» Task requirements:
Could you please output only the lines from the one holding "Композиция на Пасху" through the end of the listing below, exactly as written and without pictures?

=== Supplied material ===

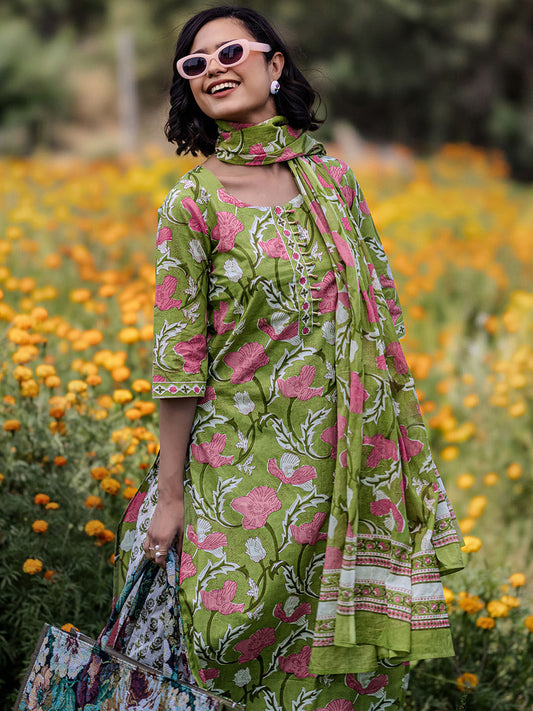 Women Floral Printed Regular Kurta with Salwar & With Dupatta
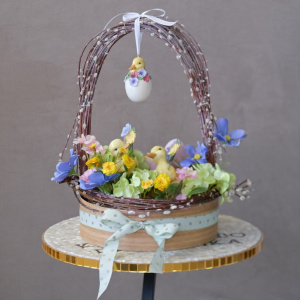  Композиция на Пасху в ящичке (искусственные цветы). Верба и пасхальные сувениры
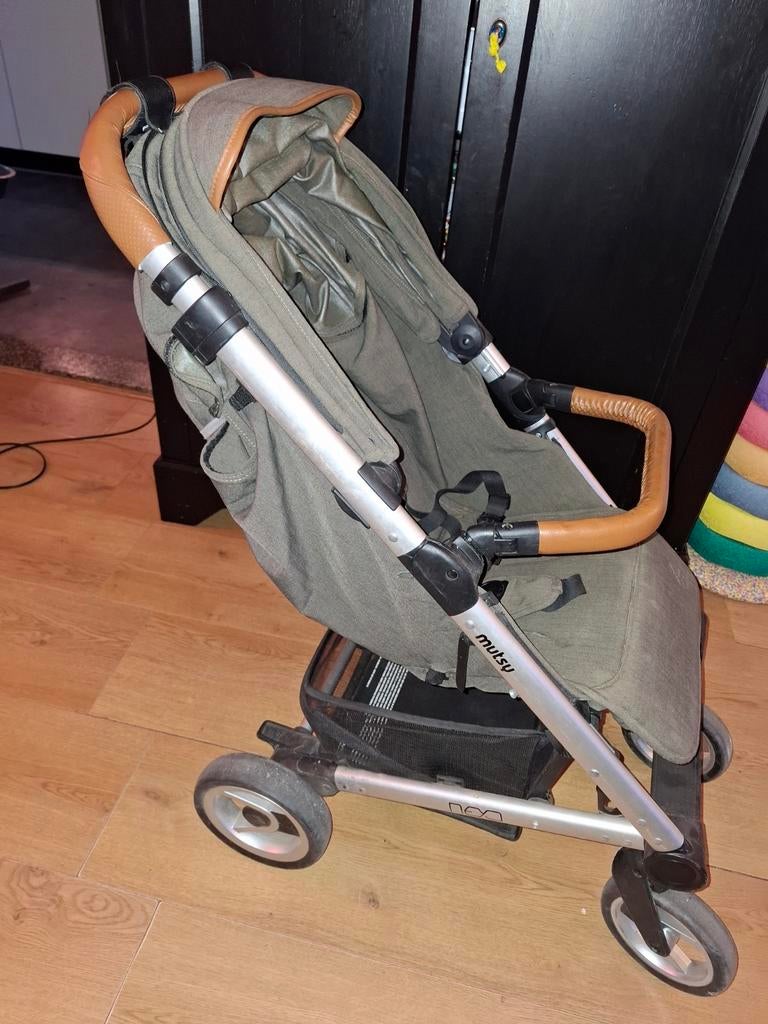 Mutsy Nio Wandelwagen, Ophalen, Zo goed als nieuw, Overige merken, Verstelbare rugleuning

===

» Task response:
  Композиция на Пасху в ящичке (искусственные цветы). Верба и пасхальные сувениры
 Mutsy Nio Wandelwagen, Ophalen, Zo goed als nieuw, Overige merken, Verstelbare rugleuning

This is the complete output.